Nicole Deitelhoff and Rainer Forst
Welcoming remarks at the opening of the conference “Muslimfeindlichkeit – eine deutsche Bilanz”, organized by the Anne Frank Educational Centre (conceived by Saba-Nur Cheema) and carried out in cooperation with Research Centre Normative Orders, the Equal Opportunities Office of Goethe University and with the support of the Federal Agency for Civic Education.
Goethe University Frankfurt am Main, November 13, 2023
Nicole Deitelhoff:
Good morning! My name is Nicole Deitelhoff and I am delighted to welcome you here on the Westend Campus together with my colleague Rainer Forst as a cooperation partner of the Anne Frank Educational Center and the Federal Agency for Civic Education to the conference “Muslim Hostility – A German Balance Sheet”.
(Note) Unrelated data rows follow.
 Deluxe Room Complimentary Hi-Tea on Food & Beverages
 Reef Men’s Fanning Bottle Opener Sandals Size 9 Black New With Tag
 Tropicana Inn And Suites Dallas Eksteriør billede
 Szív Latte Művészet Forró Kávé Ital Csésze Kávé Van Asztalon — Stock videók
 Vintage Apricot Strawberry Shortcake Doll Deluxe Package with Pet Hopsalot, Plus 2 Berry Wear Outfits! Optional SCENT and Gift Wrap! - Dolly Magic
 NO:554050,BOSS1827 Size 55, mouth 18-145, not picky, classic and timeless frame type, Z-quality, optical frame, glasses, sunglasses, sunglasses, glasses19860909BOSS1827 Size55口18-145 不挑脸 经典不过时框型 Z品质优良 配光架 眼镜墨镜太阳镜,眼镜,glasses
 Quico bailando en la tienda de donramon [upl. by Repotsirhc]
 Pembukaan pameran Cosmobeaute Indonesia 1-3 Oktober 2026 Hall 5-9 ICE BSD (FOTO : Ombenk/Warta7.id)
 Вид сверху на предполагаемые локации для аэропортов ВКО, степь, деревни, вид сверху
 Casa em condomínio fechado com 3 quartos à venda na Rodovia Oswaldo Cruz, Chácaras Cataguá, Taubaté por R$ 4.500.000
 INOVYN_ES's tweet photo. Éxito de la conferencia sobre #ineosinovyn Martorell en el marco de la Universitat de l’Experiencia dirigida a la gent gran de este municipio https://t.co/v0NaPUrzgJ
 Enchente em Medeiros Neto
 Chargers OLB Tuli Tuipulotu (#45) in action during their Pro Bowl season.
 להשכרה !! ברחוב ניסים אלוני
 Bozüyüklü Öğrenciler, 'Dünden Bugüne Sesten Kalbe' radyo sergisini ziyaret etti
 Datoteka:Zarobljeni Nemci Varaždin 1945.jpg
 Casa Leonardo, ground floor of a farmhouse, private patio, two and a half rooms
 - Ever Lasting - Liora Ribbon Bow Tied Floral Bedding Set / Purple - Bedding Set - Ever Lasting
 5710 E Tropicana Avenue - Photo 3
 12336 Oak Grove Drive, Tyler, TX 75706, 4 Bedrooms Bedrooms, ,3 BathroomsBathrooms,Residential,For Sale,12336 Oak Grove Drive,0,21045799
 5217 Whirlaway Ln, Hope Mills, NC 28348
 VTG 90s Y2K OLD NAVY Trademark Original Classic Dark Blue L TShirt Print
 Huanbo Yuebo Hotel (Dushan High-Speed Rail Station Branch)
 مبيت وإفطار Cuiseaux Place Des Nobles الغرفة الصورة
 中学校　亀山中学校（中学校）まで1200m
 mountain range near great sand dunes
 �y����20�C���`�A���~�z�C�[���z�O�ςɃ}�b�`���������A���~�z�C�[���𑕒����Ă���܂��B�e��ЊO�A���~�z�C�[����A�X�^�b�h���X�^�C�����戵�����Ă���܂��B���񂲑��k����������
Some may ask whether this is really the right time for such a conference. To be precise, some have asked us this question and we have discussed it long and hard. Can we really talk about hostility towards Muslims in a phase in which anti-Semitic attacks and hate speech from Muslim milieus in particular are on such a massive rise?
We believe that now is precisely the time to discuss these issues and the findings of the report by the Federal Government’s Expert Group on this topic, because we are confronted with a situation in which anti-Semitism is on the rise, but also in which hostility towards Muslims is clearly emerging: demands such as that every Muslim must make an individual commitment against Hamas or for Israel as a prerequisite for participation in Germany, or the assertion that anti-Semitism is an immigrant problem caused by Muslim migrants and the consequence of this is their expulsion or generally limiting the migration of Muslims.The claim that anti-Semitism is an immigrant problem caused by Muslim migrants and the consequence of their expulsion or generally limiting the migration of Muslims are relevant to this. These statements are currently widespread and they make it clear just how much differentiation and solidarity are needed in these times instead of further demarcation. We need to name problems clearly, but without falling prey to the temptation to make sweeping generalizations. This is difficult, especially in times of crisis, as we are currently experiencing, when fear, uncertainty and anger prevail among many.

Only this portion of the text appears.